With Tax Day here, taxpayers are scrambling to finish up their returns—both federal and state (that is, if their state has an individual income tax). At the same time, state budget officers are scrambling to figure out what their revenues will look like this year. With states still adapting to the Tax Cuts and Jobs Act (TCJA) and the economy uncertain in many states, this work is particularly difficult this year. And just like an unexpected tax bill can upend a household’s finances, big revenue swings around Tax Day can also cause havoc with state Budgets.
The Tax Policy Center’s State and Local Finance Initiative reviewed actual and forecasted personal income tax revenues for the first eight months of fiscal year 2019 in 23 states. Our preliminary analysis finds that while median revenues grew 1.2 percent, actual collections are down in nine states compared to the same period last year. The largest decline by far was in Idaho, followed by smaller but substantial reductions in California and New York. Idaho’s revenue drop was mostly attributable to tax cuts passed in 2017, while officials in New York and California blame the federal tax overhaul (2017’s Tax Cuts and Jobs Act) for the declines in income tax collections. In short, many individual taxpayers in these states probably shifted income when they made state tax payments because they’re no longer fully deductible on the federal return.
Preliminary figures also indicate that personal income tax collections through February 2019 were below forecasted revenue in 19 states, with a median shortfall of 2.2 percent.

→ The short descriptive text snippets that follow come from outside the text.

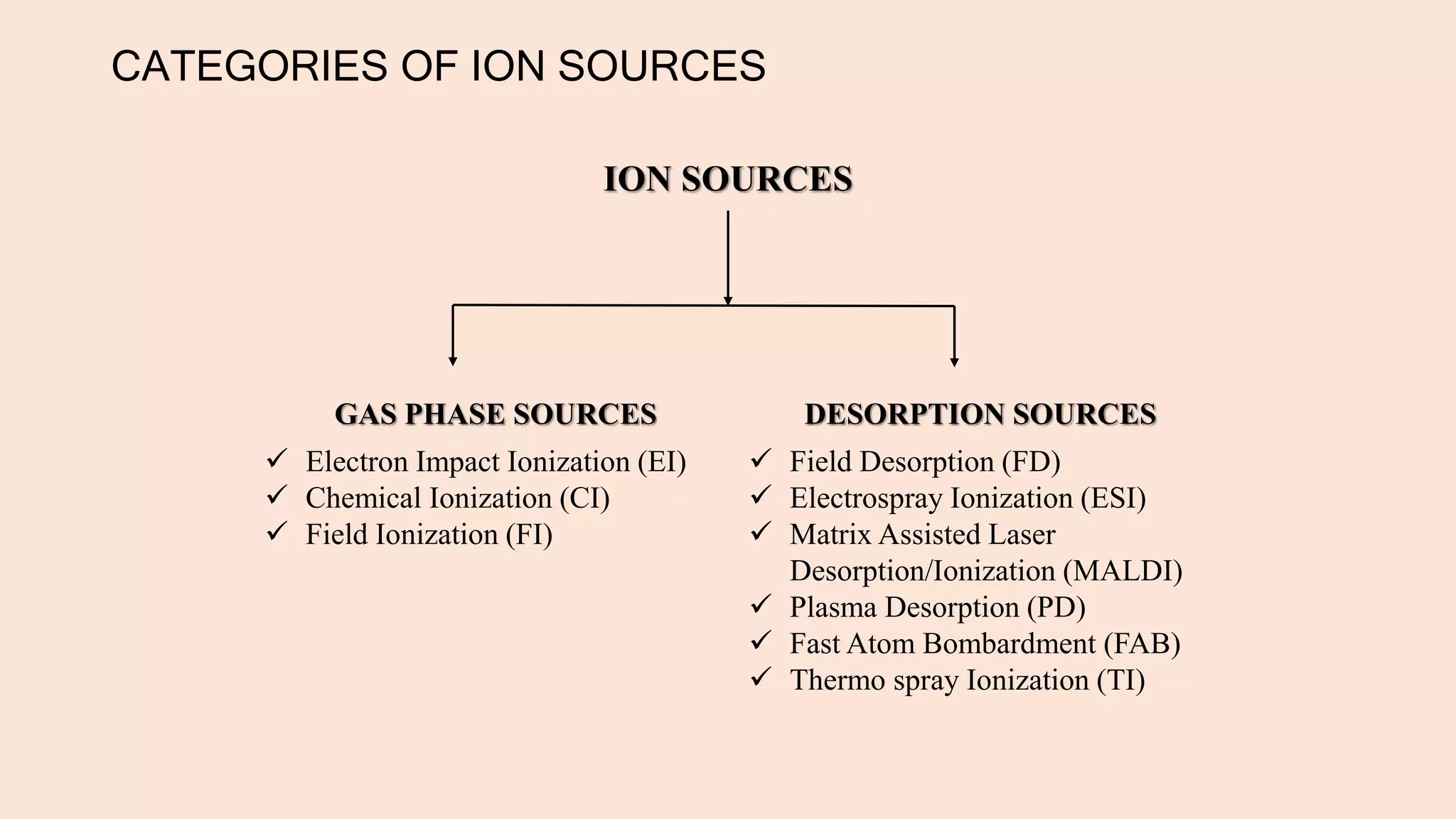 CATEGORIES OF ION SOURCES
ION SOURCES
GAS PHASE SOURCES DESORPTION SOURCES
 Electron Impact Ionization (EI)
 Chemical Ionization (CI)
 Field Ionization (FI)
 Field Desorption (FD)
 Electrospray Ionization (ESI)
 Matrix Assisted Laser
Desorption/Ionization (MALDI)
 Plasma Desorption (PD)
 Fast Atom Bombardment (FAB)
 Thermo spray Ionization (TI)
 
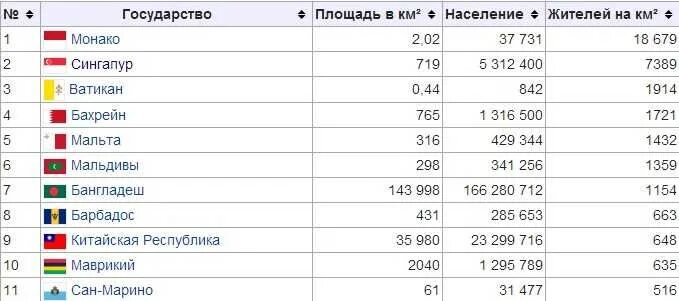 Список стран по плотности населения 2022. Таблица населения стран. Плотность населения стран. Европейская страна занимает 139 место 7 букв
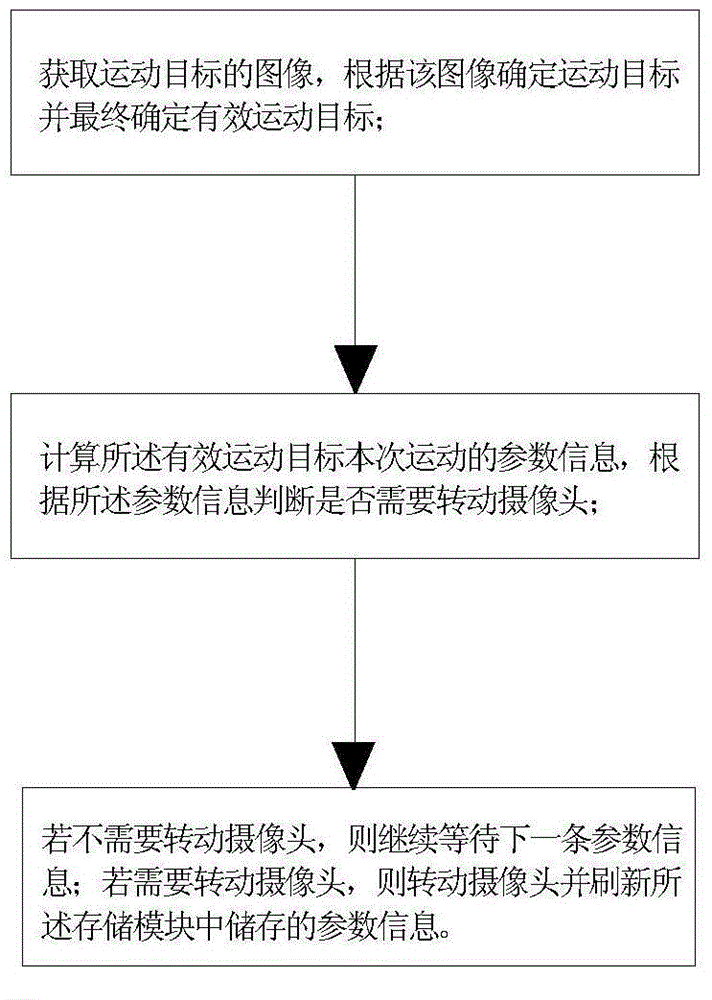 一種目標(biāo)跟蹤裝置及目標(biāo)跟蹤方法與流程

Although revenue forecasters in most states factored in taxpayers’ behavioral responses to the federal tax policy changes, most states overestimated the growth in income tax revenues. Still, state officials are hoping for rebounding income tax revenues and anticipating higher estimated and final payments in April 2019, believing that filers merely delayed their payments this year in response to the new law.
Officials are banking on this because they just saw a similar thing happen last year. In fact, many states ended fiscal year 2018 with budget surpluses because of TCJA-related timing shifts. The same taxpayers who may be delaying state tax payments because of the new $10,000 cap on state and local tax deductions apparently accelerated their state and local tax payments into calendar year 2017 to take advantage of a larger federal tax deduction —as we discussed in our State Tax and Economic Review reports.
But if the right amount of revenue eventually shows up there’s no problem, right? Not exactly. An April income tax windfall or shortfall happens at the absolute worst time for states because they are nearing the end of their fiscal years (which end on June 30 in 46 states) and wrapping up legislative sessions—including budget negotiations. This means an income tax revenue shortfall in April can squeeze states operating with small or no cash balances, while an April windfall can prompt state officials to quickly increase spending or cut taxes even while long-term trends might call for moderation.
Further, income shifting by taxpayers between tax years adds more unpredictability to an already difficult calculation. One example of the inherent unpredictability is shown by declines in state income tax revenues in the first eight months of fiscal 2019 which are steeper than forecasted in part because of the weak stock market performance in December 2018 and January 2019. But the recent stock market rebound may reverse some of these declines.
For most individual taxpayers, their 2018 tax year work is done with the filing of tax returns by April 15. But state budget officials still have plenty of work to do.